Agent4Rec: Revolutionizing Recommender Systems with Generative Agents
Agent4Rec introduces a revolutionary recommender system simulator that harnesses the capabilities of Large Language Models (LLMs) to create 1,000 generative agents. These agents, originating from the MovieLens-1M dataset, emulate genuine user interactions with movie recommendations, unveiling profound insights into human behavior within recommendation environments.
Key Features
- 1,000 LLM-Empowered Agents: Each agent embodies distinct social traits and preferences, mirroring real-world diversity.
- Realistic Interactions: Agents interact with personalized movie suggestions in a step-by-step manner.
- Diverse Actions: Simulated users can watch, rate, evaluate, exit, and even conduct interviews regarding recommended content.

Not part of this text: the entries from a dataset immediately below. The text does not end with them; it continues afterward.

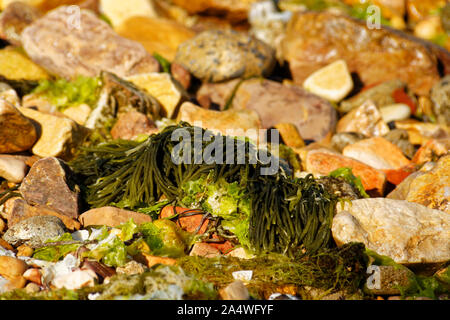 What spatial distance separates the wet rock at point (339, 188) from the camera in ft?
18.2

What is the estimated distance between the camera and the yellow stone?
29.4 ft

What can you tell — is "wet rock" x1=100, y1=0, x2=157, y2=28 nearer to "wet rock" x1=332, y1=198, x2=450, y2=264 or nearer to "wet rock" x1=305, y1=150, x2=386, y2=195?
"wet rock" x1=305, y1=150, x2=386, y2=195

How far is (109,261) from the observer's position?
171 inches

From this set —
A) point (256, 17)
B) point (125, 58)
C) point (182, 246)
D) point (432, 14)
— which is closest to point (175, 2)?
point (256, 17)

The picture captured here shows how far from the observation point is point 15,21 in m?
10.6

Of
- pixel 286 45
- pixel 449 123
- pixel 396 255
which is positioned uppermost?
pixel 396 255

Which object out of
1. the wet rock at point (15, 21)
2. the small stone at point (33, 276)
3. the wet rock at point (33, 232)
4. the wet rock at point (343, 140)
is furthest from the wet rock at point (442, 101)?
the small stone at point (33, 276)

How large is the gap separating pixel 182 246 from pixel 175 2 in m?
12.6

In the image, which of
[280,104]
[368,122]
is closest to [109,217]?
[280,104]

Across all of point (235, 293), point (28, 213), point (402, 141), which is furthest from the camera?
point (402, 141)

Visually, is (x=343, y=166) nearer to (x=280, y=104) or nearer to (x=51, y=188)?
(x=280, y=104)

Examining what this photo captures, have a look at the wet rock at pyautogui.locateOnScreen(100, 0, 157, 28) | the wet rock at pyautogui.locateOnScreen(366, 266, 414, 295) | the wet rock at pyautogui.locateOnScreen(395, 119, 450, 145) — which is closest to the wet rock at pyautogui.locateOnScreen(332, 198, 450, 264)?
the wet rock at pyautogui.locateOnScreen(366, 266, 414, 295)

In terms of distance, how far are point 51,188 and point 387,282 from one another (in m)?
3.63

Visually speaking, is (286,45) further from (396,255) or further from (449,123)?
(396,255) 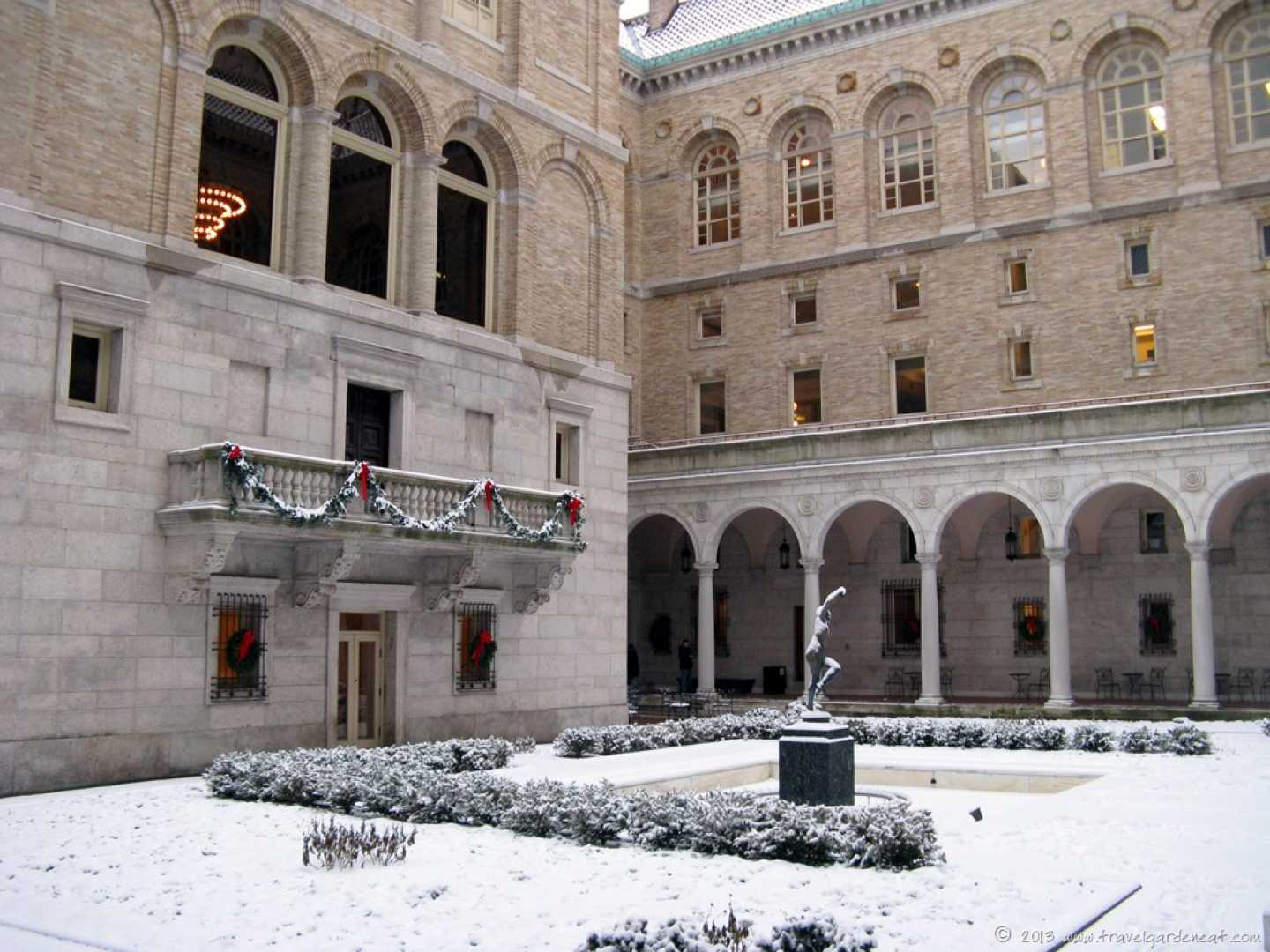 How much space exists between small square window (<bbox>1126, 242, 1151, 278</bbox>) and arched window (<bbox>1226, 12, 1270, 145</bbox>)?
396 cm

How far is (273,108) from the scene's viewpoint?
2364cm

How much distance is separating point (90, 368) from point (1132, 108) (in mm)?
32971

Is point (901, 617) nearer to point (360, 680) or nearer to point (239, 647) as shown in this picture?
point (360, 680)

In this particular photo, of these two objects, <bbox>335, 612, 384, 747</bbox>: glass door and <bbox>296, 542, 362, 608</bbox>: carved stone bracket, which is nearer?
<bbox>296, 542, 362, 608</bbox>: carved stone bracket

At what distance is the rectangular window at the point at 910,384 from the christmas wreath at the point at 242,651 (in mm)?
27009

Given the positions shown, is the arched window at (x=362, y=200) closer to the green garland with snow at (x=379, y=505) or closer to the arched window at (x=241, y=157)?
the arched window at (x=241, y=157)

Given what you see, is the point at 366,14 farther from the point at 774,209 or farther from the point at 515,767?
the point at 774,209

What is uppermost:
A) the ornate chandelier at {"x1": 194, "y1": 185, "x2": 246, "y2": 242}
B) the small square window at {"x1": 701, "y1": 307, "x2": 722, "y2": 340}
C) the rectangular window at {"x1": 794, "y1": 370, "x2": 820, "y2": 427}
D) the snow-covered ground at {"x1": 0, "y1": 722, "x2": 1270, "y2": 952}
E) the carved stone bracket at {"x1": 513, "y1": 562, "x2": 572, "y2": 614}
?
the small square window at {"x1": 701, "y1": 307, "x2": 722, "y2": 340}

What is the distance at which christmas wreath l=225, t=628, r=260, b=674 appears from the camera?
21.1m

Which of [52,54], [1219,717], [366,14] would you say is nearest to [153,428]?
[52,54]

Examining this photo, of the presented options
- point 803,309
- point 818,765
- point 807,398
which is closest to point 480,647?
point 818,765

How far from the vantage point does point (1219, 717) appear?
30141mm

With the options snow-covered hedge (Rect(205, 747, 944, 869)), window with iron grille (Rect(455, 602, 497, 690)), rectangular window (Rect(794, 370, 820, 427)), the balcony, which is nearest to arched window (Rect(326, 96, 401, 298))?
the balcony

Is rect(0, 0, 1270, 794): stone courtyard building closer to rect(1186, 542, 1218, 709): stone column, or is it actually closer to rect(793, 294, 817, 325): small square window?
rect(1186, 542, 1218, 709): stone column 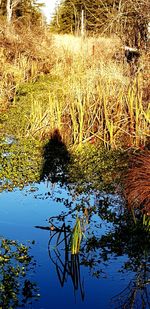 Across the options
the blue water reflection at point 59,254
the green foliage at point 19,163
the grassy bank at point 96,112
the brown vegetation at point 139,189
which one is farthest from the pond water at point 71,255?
the grassy bank at point 96,112

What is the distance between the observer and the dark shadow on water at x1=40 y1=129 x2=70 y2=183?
21.5 feet

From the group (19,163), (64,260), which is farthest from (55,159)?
(64,260)

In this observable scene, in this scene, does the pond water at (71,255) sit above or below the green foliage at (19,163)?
below

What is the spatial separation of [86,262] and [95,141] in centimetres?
415

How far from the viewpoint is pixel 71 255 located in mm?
4160

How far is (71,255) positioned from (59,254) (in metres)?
0.11

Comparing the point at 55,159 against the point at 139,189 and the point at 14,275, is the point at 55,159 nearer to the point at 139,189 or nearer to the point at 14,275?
the point at 139,189

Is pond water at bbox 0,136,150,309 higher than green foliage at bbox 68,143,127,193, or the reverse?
green foliage at bbox 68,143,127,193

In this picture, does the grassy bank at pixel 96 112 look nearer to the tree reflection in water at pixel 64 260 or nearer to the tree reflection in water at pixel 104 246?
the tree reflection in water at pixel 104 246

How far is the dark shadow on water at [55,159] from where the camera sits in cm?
656

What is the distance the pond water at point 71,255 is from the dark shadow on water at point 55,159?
2.18 ft

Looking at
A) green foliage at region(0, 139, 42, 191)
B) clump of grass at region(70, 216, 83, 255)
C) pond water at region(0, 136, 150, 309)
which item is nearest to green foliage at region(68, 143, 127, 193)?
pond water at region(0, 136, 150, 309)

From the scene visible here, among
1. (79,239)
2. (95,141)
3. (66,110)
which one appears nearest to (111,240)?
(79,239)

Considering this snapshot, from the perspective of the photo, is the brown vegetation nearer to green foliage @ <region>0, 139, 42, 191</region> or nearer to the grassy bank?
green foliage @ <region>0, 139, 42, 191</region> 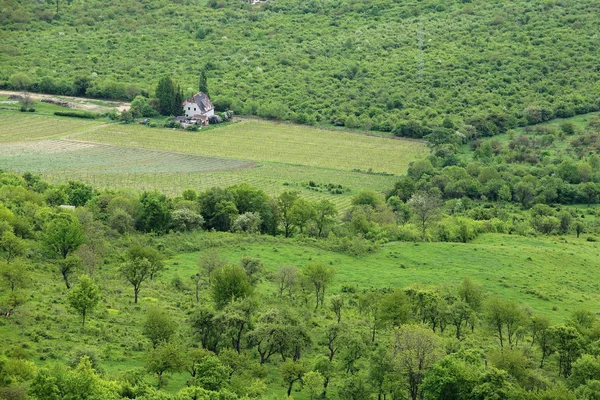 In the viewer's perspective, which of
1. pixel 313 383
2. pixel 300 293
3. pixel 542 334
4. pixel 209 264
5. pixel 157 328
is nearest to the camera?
pixel 313 383

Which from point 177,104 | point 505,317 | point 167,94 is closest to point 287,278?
point 505,317

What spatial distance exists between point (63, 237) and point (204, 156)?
47.1 metres

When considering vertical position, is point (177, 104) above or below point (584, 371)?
above

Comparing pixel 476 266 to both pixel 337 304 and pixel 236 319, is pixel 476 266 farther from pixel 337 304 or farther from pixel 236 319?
pixel 236 319

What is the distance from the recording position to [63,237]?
68.6 metres

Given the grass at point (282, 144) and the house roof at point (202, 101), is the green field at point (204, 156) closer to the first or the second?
the grass at point (282, 144)

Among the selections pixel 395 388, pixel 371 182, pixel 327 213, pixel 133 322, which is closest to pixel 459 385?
pixel 395 388

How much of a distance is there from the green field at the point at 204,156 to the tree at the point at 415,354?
42.7m

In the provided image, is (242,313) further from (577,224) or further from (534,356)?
(577,224)

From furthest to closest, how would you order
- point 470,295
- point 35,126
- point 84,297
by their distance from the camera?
point 35,126 < point 470,295 < point 84,297

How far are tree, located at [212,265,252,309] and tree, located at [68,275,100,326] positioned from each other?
328 inches

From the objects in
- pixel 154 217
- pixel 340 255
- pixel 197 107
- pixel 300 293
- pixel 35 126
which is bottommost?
pixel 300 293

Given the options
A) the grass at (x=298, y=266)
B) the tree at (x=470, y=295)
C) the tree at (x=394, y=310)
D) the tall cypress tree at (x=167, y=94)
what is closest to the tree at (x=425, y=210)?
the grass at (x=298, y=266)

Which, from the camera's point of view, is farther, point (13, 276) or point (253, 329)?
point (13, 276)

- Flexible Configuration: Accommodates various recommender systems and simulation setups.
How It Works
Agent4Rec creates a dynamic environment where AI-driven agents engage with movie recommendations. This platform empowers researchers and developers to delve into the potential of LLM-enhanced generative agents in emulating authentic human behavior within recommendation scenarios.
Supported Recommender Systems
- Random: Randomly suggests items to users.
- Pop: Recommends popular items based on overall ratings.
- MF: Utilizes a pretrained Matrix Factorization model with BPR loss.
- MultVAE: Relies on a pretrained Variational Autoencoder for collaborative filtering.
- LightGCN: Harnesses a pretrained Graph Convolutional Network model.
Getting Started
Prerequisites
- Python 3.9.12 (Python 3.10+ may cause issues with the 'reckit' package)
- PyTorch 1.13.1+cu117
Installation
- Set up a virtual environment and manually install PyTorch.
- Install dependencies:
pip install -r requirements.txt
- Set up necessary environments:
python setup.py build_ext --inplace
Running a Simulation
- Export your OpenAI API key:
export OPENAI_API_KEY=your_api_key_here
- Run a quick start simulation:
python main.py
- For advanced configurations:
python main.py --simulation_name MyExp --modeltype MF --n_avatars 10 --max_pages 5 --items_per_page 4 --execution_mode parallel
Benefits and Applications
- Research Tool: Ideal for analyzing user behavior in recommendation systems.
- Algorithm Testing: Evaluate and enhance recommendation algorithms using lifelike user simulations.
- User Experience Optimization: Obtain insights to enhance recommendation interfaces and strategies.
- Scalable Testing: Simulate extensive user interactions without the necessity for real user studies.
Conclusion
Agent4Rec paves the way for comprehending and refining recommender systems. By simulating genuine user interactions at a large scale, it delivers valuable insights that can revolutionize the effectiveness, personalization, and engagement of recommendation experiences in real-world scenarios.